__Aim of the task__: Taking only the lines of the data below from the line with "Medaglie d’oro e" to the line with "Sawary - Calça", ends included, write them out exactly and without pictures.

__Dataset records__:
- Opening Delimiter -

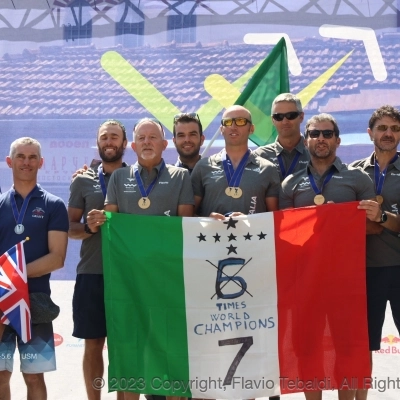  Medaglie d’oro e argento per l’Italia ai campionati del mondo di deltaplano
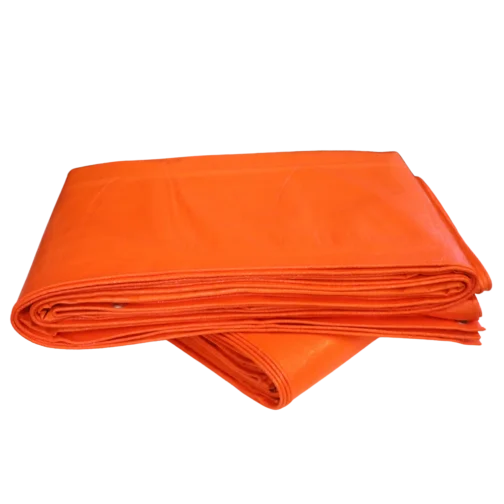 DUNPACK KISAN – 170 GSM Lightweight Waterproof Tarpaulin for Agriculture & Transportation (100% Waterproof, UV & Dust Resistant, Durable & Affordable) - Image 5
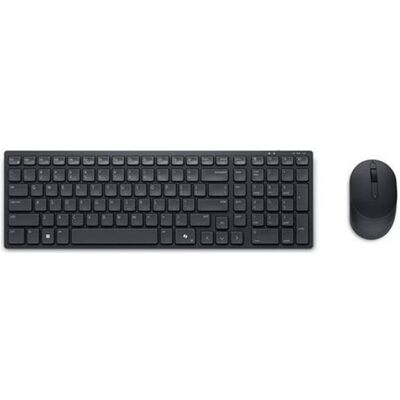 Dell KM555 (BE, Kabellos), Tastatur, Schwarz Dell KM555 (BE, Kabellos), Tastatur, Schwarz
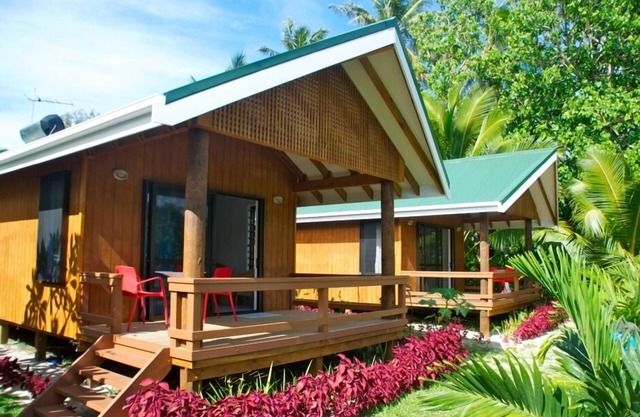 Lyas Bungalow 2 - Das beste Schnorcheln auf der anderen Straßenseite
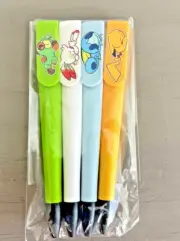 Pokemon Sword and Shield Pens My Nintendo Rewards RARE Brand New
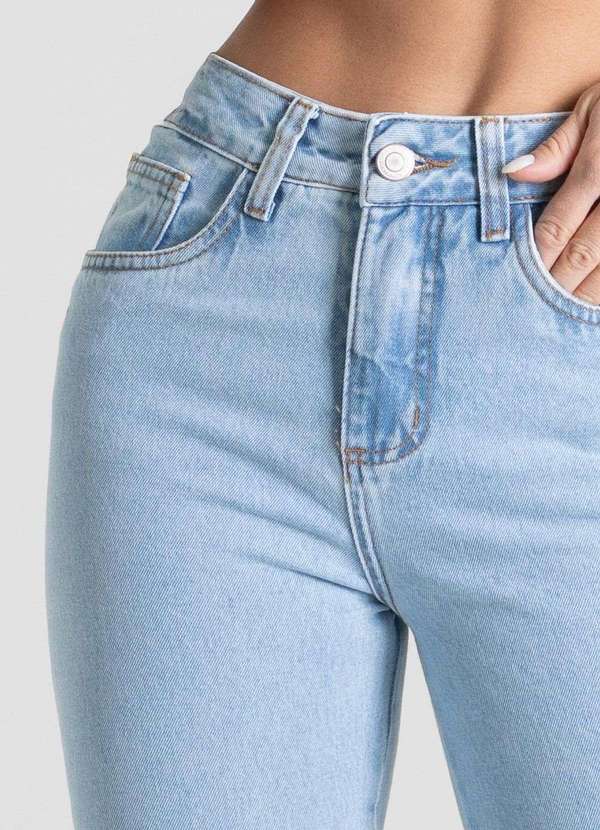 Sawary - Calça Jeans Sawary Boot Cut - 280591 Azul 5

- Closing Delimiter -
- Opening Delimiter -

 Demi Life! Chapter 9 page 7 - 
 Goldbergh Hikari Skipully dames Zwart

- Closing Delimiter -

__Your solution__:
  Medaglie d’oro e argento per l’Italia ai campionati del mondo di deltaplano
 DUNPACK KISAN – 170 GSM Lightweight Waterproof Tarpaulin for Agriculture & Transportation (100% Waterproof, UV & Dust Resistant, Durable & Affordable) - Image 5
 Dell KM555 (BE, Kabellos), Tastatur, Schwarz Dell KM555 (BE, Kabellos), Tastatur, Schwarz
 Lyas Bungalow 2 - Das beste Schnorcheln auf der anderen Straßenseite
 Pokemon Sword and Shield Pens My Nintendo Rewards RARE Brand New
 Sawary - Calça Jeans Sawary Boot Cut - 280591 Azul 5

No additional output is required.